THE INPUT
□ □ □ □ □

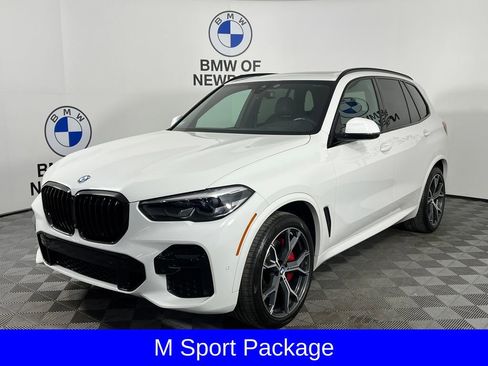 Certified 2023 BMW X5 xDrive40i w/ M Sport Package image 3
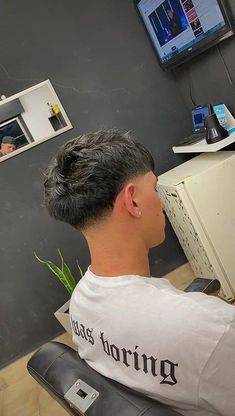 Podrías intentar este corte 🤔 Fade Haircut Straight Hair, Straight Hair Taper, Long Hair Taper Fade, Taper Fade Haircut Straight Hair, Long Hair Taper, Taper Fade Haircut Curly Hair, Taper Fade Haircut Black, Afro Taper Fade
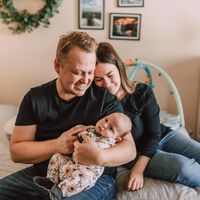 Visitas al recién nacido: no te instales ni vayas por sorpresa, la nueva familia necesita su espacio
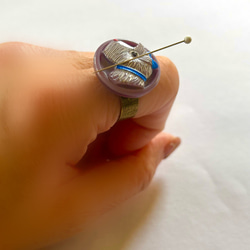 針がくっつく指輪型針刺し　チェコのガラスボタン「dogs」 8枚目の画像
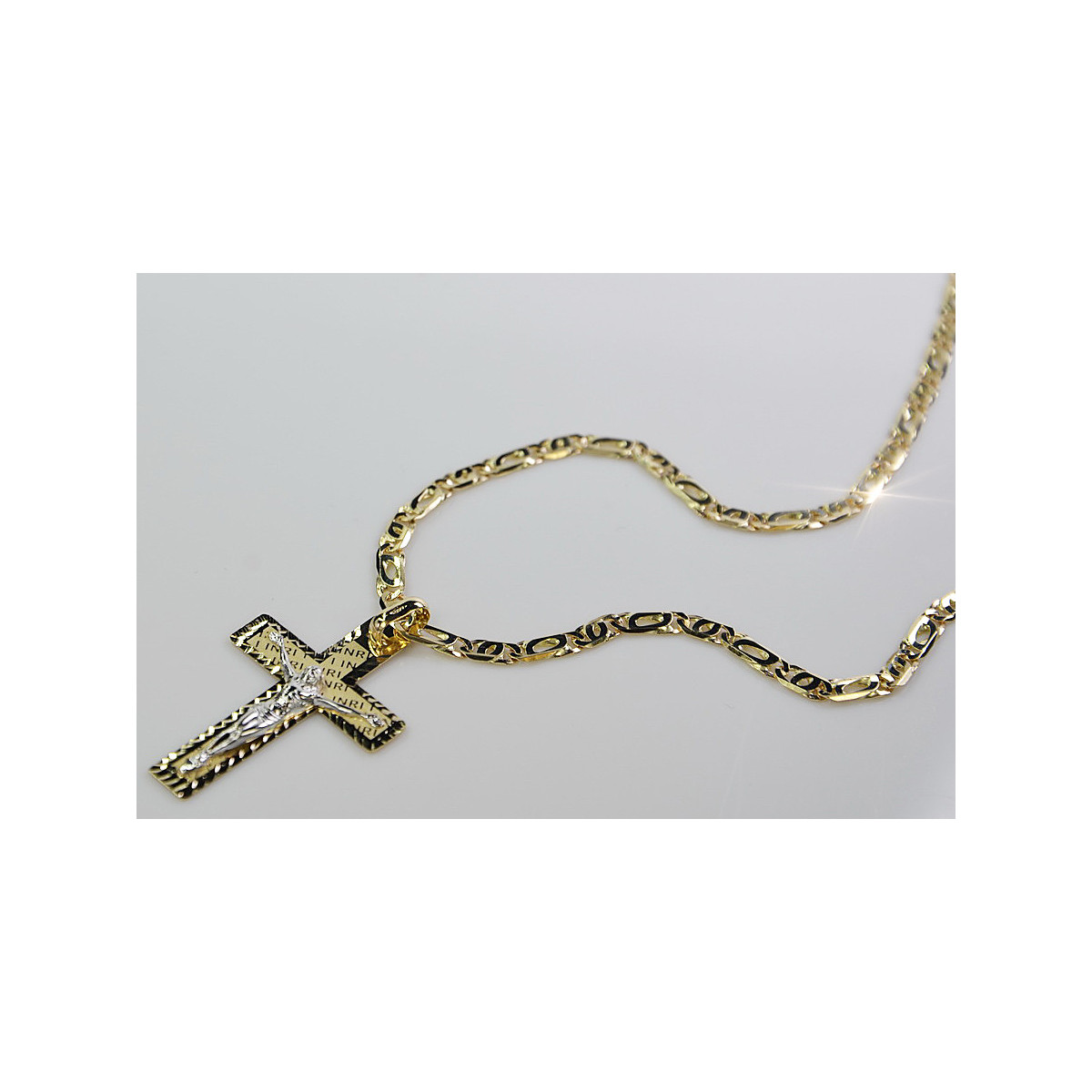 Croix catholique en or jaune 14 carats italien & perles de nacre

□ □ □ □ □

EXERCISE REQUIREMENTS
Everything from the line with "針がくっつく指輪型針刺し　チェコのガラスボタン「dogs」 8枚目の画像" through the end of the records above, both ends included, is to be reproduced exactly, and nothing outside that span; the pictures are to be dropped.

ANSWER BELOW
 針がくっつく指輪型針刺し　チェコのガラスボタン「dogs」 8枚目の画像
 Croix catholique en or jaune 14 carats italien & perles de nacre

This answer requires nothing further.